EXERCISE GOAL: From the line with "Photo of 11576" through the line with "PETITE CHÉRIE オードトワレ", inclusive, return each line of the data below exactly and leave the rest out.

SOURCE DATA:
= = = =

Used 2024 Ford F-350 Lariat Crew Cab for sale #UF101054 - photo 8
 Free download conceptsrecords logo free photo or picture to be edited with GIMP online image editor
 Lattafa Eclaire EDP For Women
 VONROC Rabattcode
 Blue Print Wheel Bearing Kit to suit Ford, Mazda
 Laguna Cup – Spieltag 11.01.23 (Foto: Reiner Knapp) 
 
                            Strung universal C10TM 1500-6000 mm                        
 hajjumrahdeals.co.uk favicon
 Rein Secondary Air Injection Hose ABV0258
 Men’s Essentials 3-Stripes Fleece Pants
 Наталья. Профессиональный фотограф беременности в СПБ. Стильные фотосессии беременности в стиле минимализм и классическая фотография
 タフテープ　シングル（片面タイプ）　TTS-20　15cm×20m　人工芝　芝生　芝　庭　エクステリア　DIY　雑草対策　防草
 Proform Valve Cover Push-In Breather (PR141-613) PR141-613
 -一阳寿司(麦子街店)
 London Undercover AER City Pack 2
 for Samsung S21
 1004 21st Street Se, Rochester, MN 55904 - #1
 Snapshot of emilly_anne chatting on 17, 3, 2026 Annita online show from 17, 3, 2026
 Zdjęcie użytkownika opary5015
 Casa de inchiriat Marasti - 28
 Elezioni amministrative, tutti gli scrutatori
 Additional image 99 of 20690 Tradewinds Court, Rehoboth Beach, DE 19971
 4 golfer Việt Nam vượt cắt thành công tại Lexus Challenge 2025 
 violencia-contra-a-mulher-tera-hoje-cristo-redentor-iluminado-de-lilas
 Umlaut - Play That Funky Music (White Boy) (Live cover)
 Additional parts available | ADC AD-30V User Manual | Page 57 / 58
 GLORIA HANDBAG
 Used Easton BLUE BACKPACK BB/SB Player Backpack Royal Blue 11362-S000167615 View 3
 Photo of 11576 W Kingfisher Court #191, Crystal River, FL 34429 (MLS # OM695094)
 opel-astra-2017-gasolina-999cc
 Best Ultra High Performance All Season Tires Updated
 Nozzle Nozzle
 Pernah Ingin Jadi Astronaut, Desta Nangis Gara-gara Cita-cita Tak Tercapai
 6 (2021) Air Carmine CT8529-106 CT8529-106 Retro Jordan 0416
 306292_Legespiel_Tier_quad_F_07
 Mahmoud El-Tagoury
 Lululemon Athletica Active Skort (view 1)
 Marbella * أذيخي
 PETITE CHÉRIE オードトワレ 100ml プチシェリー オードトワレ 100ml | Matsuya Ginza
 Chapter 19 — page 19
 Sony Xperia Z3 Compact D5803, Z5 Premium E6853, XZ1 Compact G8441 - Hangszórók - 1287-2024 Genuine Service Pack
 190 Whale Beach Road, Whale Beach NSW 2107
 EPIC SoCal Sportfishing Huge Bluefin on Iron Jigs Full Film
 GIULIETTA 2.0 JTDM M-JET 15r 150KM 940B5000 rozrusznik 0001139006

= = = =

EXPECTED ANSWER:
 Photo of 11576 W Kingfisher Court #191, Crystal River, FL 34429 (MLS # OM695094)
 opel-astra-2017-gasolina-999cc
 Best Ultra High Performance All Season Tires Updated
 Nozzle Nozzle
 Pernah Ingin Jadi Astronaut, Desta Nangis Gara-gara Cita-cita Tak Tercapai
 6 (2021) Air Carmine CT8529-106 CT8529-106 Retro Jordan 0416
 306292_Legespiel_Tier_quad_F_07
 Mahmoud El-Tagoury
 Lululemon Athletica Active Skort (view 1)
 Marbella * أذيخي
 PETITE CHÉRIE オードトワレ 100ml プチシェリー オードトワレ 100ml | Matsuya Ginza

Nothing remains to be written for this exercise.